**Work request**
Word for word, output the data, with none of its pictures.
*** Opening of Data segment ***
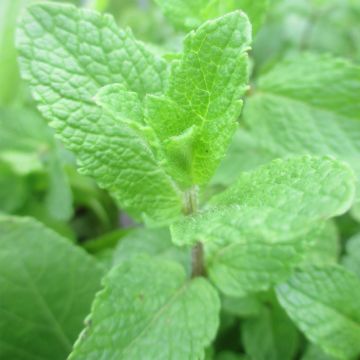 Ähren-Minze Spanish - Mentha spicata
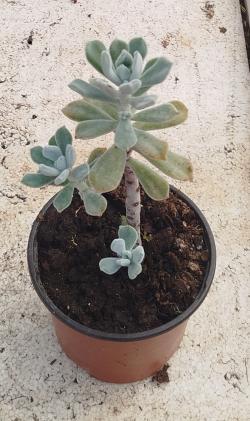 Sadnice - sobne biljke: Eševeria elegans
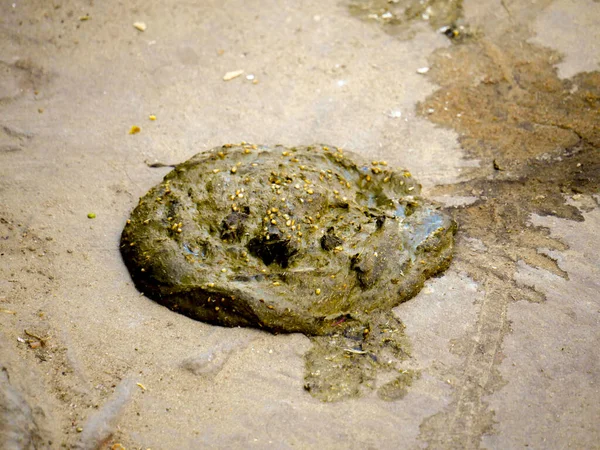 Cow dung gathered in indian village rural areas as bio fertilizer.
*** Close of Data segment ***
**Answer box**
 Ähren-Minze Spanish - Mentha spicata
 Sadnice - sobne biljke: Eševeria elegans
 Cow dung gathered in indian village rural areas as bio fertilizer.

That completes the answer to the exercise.